Our favourite track is recent song of the month Crying On The Inside which was initially written for Carly Rae Jepson and we just love the Robynesque line: ‘I know when you’re kissing her, you’ll taste me on her lips.’

It shares its love of ‘putting my favourite record on’ to channel feelings with single Landline which boasts a 70s disco swagger crossed with uplifting 90s house and is a tale of shared listening to the Backstreet Boys during romantic nights on phones that feels a world away in the iPhone age.

We fell in love with the album’s title track at that 2021 gig and said: ‘She is joined onstage by a male co-writer for a duet featuring the line: ‘ You had the best years of my life’ which feels like a cross between the Beautiful South, Marc Almond and 70s middle-of-the-road rock. In a good way.’

The idea of celebrating music continues its golden thread through title track Tomorrow’s Yesterdays as the lyric runs: ‘Radio’s playing in the kitchen again/All dressed up, hey it’s only pretend’.

The album was largely conceived in Lancashire, where Hesketh spent much of lockdown with her family, going on long walks and doing production tutorials on YouTube so she could produce the record herself.

Tracks Out (Out) and lead single Silver Balloons are nostalgic for the days when Hesketh was a teenager going out in Blackpool with a fake ID and a shiny dress. 

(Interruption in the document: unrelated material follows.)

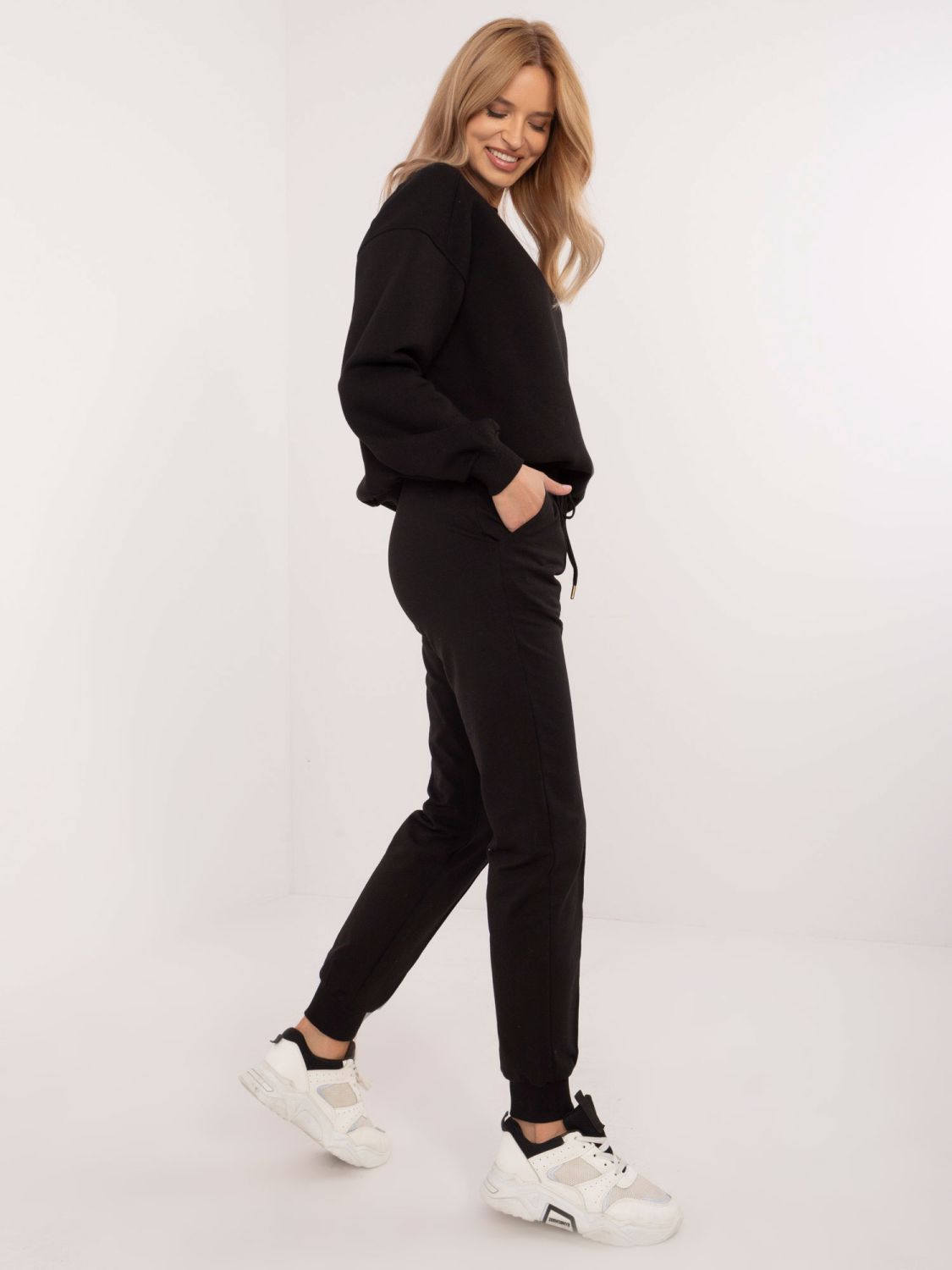 Stylové černé sportovní kalhoty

We 1st heard album opener Love Is The Beginning at that gig last year where it was the 1st song played and its prog rock drawing on the best of Fleetwood Mac really sets the tone for a collection that is unashamed in its magpie-like inspirations from a broad pallette going back to the best of the hits of the 70s.

We love Charli XCX and her new album Crash also released this week and on course to be number 1 on Friday was seriously vying for this album of the month accolade but it’s the warmth of the songwriting here which just sees Boots inch ahead.

New tracks we just have to mention include the joyous Vince Clarke/early Depeche Mode influences of Want You Back? and cool St Etienne ska of Nothing Ever Changes which could have come straight off that band’s extensive greatest hits collection.

Hesketh has been recruited as part of the live band for the ABBA Voyage shows which open in east London this spring. Tickets She’s also pregnant and so other chances to see her solo live again are currently limited but she is due to play the final date of Southsea’s Victorious Festival Tickets

Tomorrow’s Yesterdays is Little Boots 1st album for 7 years and it’s so good it’s exceeded our wildest expectations for it.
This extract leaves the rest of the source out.